* _ASSIGNED TASK_:
What needs reproducing is the run of lines in the data below starting at the line with "May include: An" and ending at the line with "Hunter Velvet Smocked Short Sleeve Blouse", both ends included. Copy it exactly, without pictures, and add nothing.

* _RECORDS TO USE_:
·····

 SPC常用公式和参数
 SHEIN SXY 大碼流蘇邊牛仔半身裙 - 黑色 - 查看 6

·····

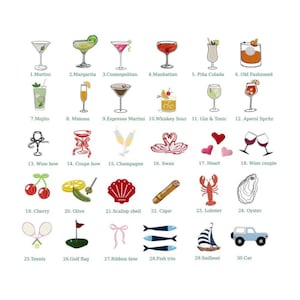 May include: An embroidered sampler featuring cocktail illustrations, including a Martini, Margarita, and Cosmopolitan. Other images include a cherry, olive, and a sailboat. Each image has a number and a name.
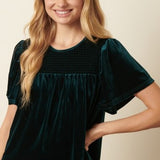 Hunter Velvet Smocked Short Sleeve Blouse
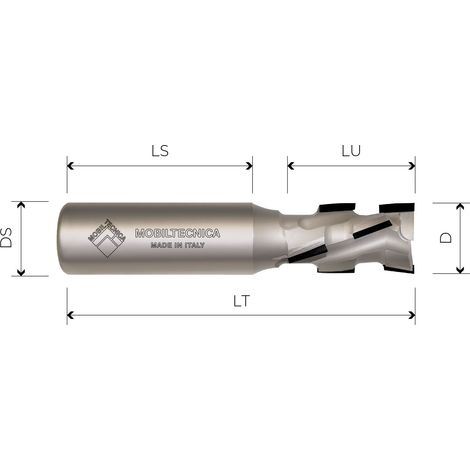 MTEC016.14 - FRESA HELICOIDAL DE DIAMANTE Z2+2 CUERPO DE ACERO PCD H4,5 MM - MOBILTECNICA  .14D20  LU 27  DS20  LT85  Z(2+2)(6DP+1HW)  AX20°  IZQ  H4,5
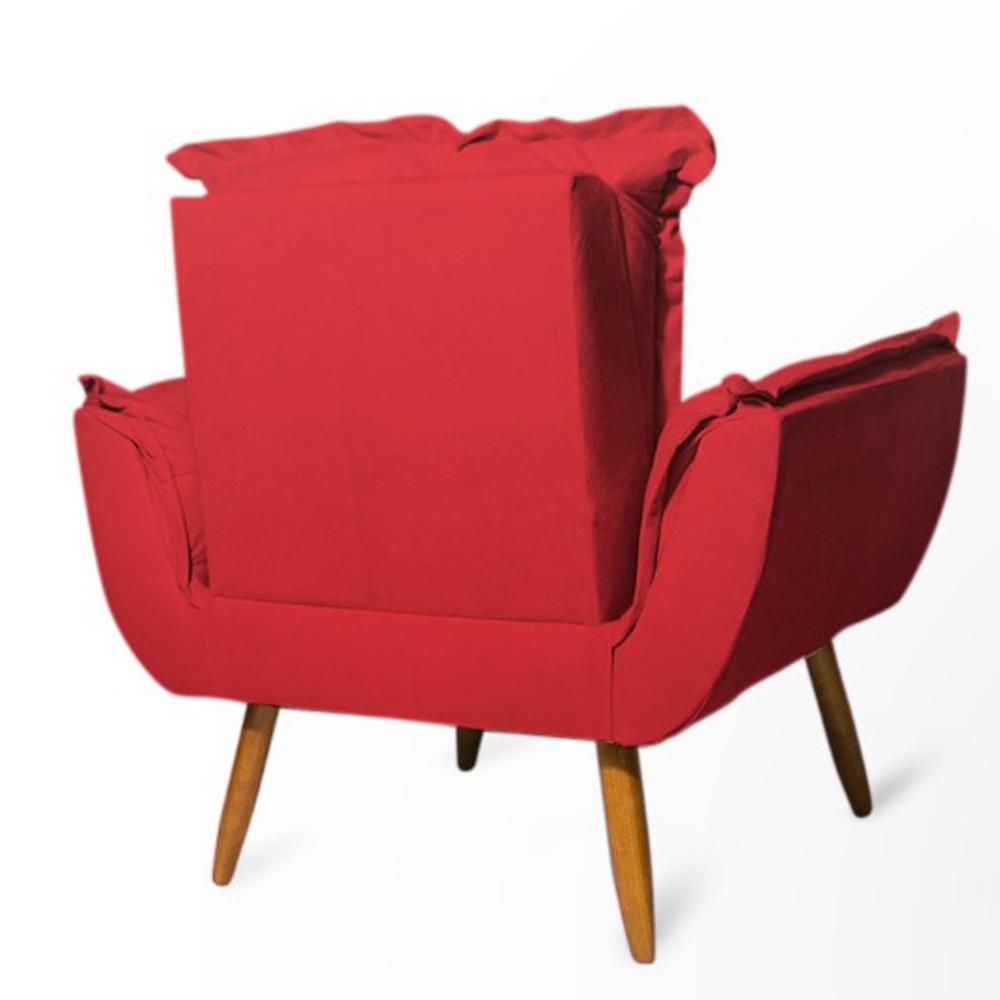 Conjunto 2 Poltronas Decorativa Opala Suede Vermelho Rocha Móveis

·····

* _RESULT FOR THIS EXERCISE_:
 May include: An embroidered sampler featuring cocktail illustrations, including a Martini, Margarita, and Cosmopolitan. Other images include a cherry, olive, and a sailboat. Each image has a number and a name.
 Hunter Velvet Smocked Short Sleeve Blouse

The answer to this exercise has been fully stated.